WHAT IS BEING ASKED: Please give back, exactly as written, the lines from the line with "interior space with dark wood-type flooring" to the line with "De hand gooit" in the listing below, leaving out all pictures.

━━ EXTRACTED DATA

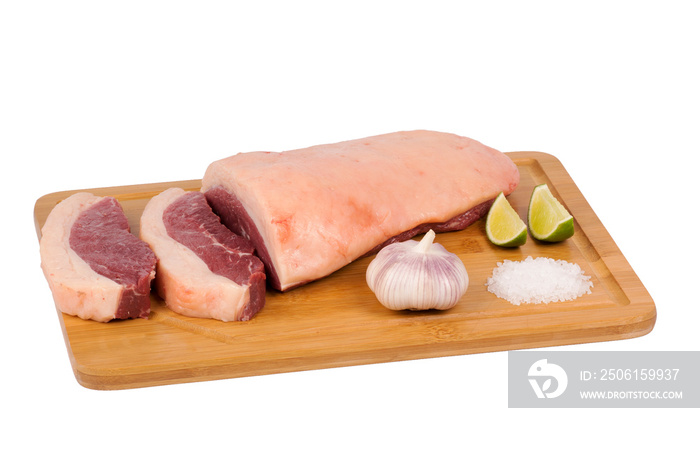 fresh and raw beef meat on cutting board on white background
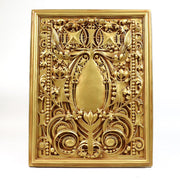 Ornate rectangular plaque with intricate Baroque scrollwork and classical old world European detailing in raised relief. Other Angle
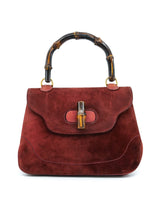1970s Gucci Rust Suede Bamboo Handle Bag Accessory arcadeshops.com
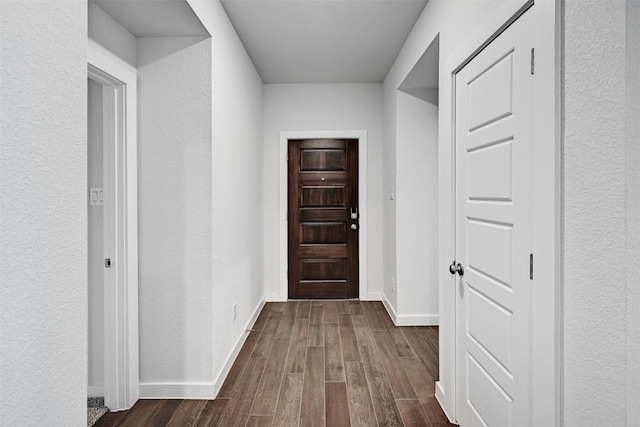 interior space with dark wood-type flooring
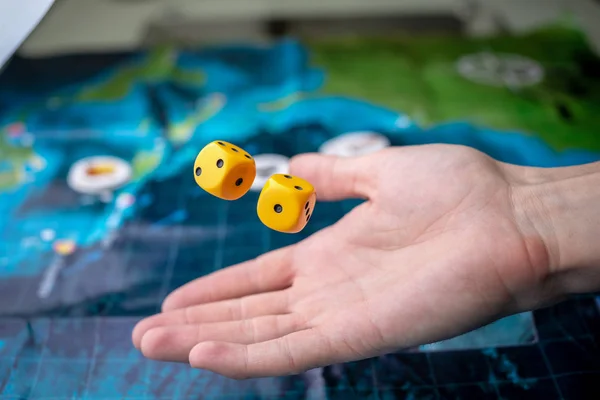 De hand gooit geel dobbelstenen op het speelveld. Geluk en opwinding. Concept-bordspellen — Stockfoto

━━━━
━━ EXTRACTED DATA

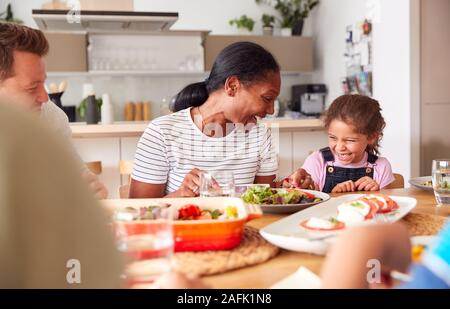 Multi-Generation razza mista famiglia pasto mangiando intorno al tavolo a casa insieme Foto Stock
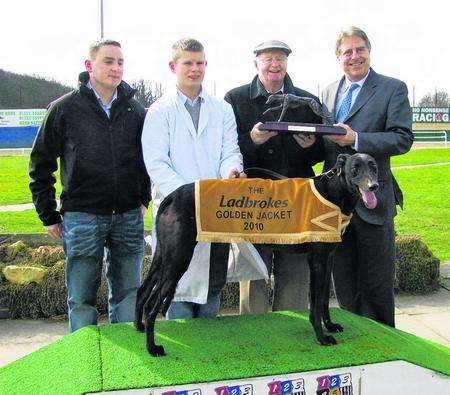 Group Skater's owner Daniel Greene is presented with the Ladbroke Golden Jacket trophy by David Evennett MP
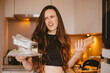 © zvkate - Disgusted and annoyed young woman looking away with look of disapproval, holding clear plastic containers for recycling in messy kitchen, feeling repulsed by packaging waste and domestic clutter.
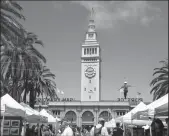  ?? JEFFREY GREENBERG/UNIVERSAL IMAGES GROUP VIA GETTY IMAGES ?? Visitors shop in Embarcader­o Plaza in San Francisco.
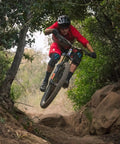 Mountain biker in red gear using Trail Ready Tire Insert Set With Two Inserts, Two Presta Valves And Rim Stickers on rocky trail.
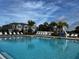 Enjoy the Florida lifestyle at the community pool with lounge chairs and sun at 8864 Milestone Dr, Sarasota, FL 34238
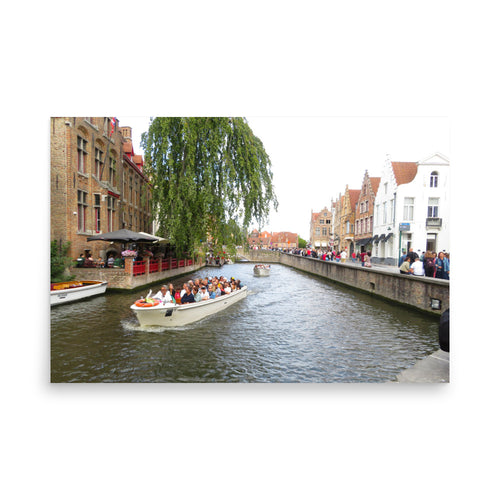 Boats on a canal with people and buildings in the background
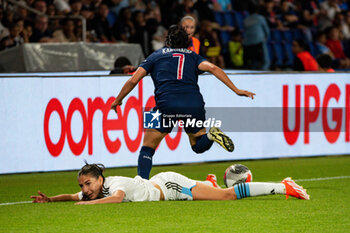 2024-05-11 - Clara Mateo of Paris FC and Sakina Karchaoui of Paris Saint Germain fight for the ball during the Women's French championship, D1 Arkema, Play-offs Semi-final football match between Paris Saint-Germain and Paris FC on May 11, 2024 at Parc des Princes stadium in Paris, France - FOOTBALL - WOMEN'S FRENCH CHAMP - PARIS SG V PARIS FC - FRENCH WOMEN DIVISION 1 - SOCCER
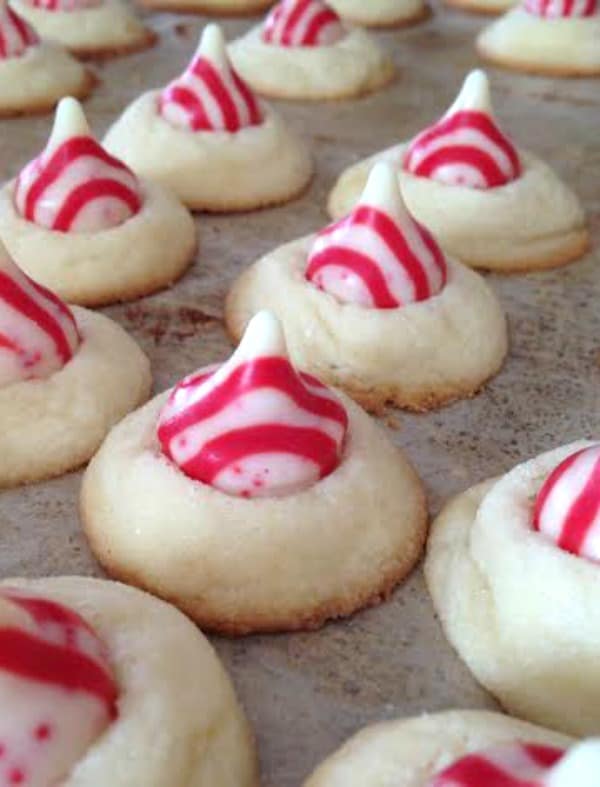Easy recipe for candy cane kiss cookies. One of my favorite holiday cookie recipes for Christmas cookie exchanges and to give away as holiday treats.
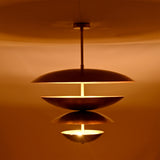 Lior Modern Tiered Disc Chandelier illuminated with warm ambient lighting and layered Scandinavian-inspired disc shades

━━━━

RESULT:
 interior space with dark wood-type flooring
 De hand gooit geel dobbelstenen op het speelveld. Geluk en opwinding. Concept-bordspellen — Stockfoto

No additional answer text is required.